The National Unity Coalition for Israel is cut from the same cloth as CUFI. In 2002 it held a pro-Israel rally in Washington that included Ehud Olmert as a featured speaker who spoke alongside Gary Bauer and Pat Robertson. Robertson, like the other bible-thumping turds, is a hundred percent for Israel. It is Jews that he doesn’t care much for.
In March 2014, Robertson interviewed Daniel Lapin on his 700 Club TV show about his new book titled “Thou Shall Prosper”. Lapin is a rabbi who has come up with his own version of the “prosperity gospel” that is purveyed in megachurches everywhere. I got a taste of it once selling the Militant outside a Kansas City grocery store in 1978. As a woman strode past me on her way to do her shopping, she pointed to the parking lot and said “See that Buick? Jesus got me that.”
The website for Lapin’s book advises:
The book details the ten permanent principles that never change, the ten commandments of making money if you will, and explores the economic and philosophic vision of business that has been part of Jewish culture for centuries. By blending contemporary business stories and his own business experiences with the wisdom of the Torah, Talmud, and even examples from the Zohar, (the Jewish book of Kabalah or mysticism), Rabbi Daniel Lapin, your rabbi, explains the essence of each commandment and shows you how to use this knowledge to prosper financially.
Rabbi Daniel Lapin helps you understand such timeless truths as “Being in business for yourself”, avoiding the trap of ‘wage-slavery’, learning to become a leader, changing with the times, and particularly this: Everyone, and that includes you, is in business, unless you happen to be a tenured university professor or a Supreme Court judge.
This sort of rings a bell with me. Back in 1957, when I was 12 years old and forced to go to synagogue on High Holy Days, I used to stare at all the mink coats and diamond jewelry. My mom had neither. Back then Jews didn’t need Lapin’s advice; they had a booming economy.
Introducing Lapin, Robertson offered this observation:
What is it about Jewish people that make them prosper financially? You almost never find Jews tinkering with their cars on the weekends or mowing their lawns. That’s what Daniel Lapin says and there’s a very good reason for that, and it lies within the business secrets of the Bible.
He later added that Jews were too busy “polishing diamonds, not fixing cars.” Lapin took that as a compliment.
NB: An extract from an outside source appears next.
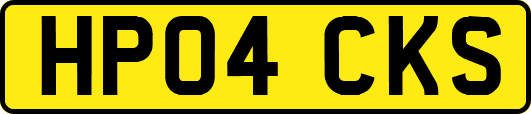 HP04CKS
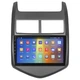 Штатная магнитола 9" Lesko для Chevrolet Aveo II 2011-2020 4/64Gb CarPlay 4G Wi-Fi GPS Prime Шевролет - изображение 2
Lapin was not a featured speaker at the Interfaith Zionist Leadership Summit conference but a couple of other of my co-religionists was there to engage in Muslim-bashing—the obvious purpose of the conference. As Against the Current magazine reported, they were just the sort of people who were obviously comfortable around Gary Bauer and Pat Robertson:
Thomas Neumann, Jewish Institute for National Security Affairs, argued that some people think the problem we face is “radical” Islam, but the problem is in fact Islam. Most Muslims are anti-American and anti-Israel; they are not a fringe who feel this way.
Charles Jacob, who promotes Zionism on college campuses through the Davis Project, offered the following pearls in a power point presentation to explain the difference between Israelis/Jews and “Arabs/Palestinians:
Israel teaches its kids songs of peace; Arab/Palestinian kids sing songs of hate. Sesame Street is about being a suicide bomber. Israelis make every effort to prevent civilian death; Arabs kill lots of civilizations. Israel is in anguish when civilians are hurt; Palestinians are dancing when atrocities happen. Israeli mothers don’t want kids to fight; Palestinian mothers celebrate fighting.
Jacob summed up his presentation saying, I grieve for Palestinian people who have leaders that succumbed to evil, and have fallen prey because of their “perceived sense of oppression.” They are filling their children with hate and death.
Helen Freedman, Americans for a Safe Israel, then declared that “Those who are with Israel are with God.” However, she argued that there is no room to negotiate with Arab peoples because they are “religiously” motivated. There will only be peace, Freedman argued, when Arabs love their children as much as they hate us. But, she said, Arabs are simply incapable of loving their children.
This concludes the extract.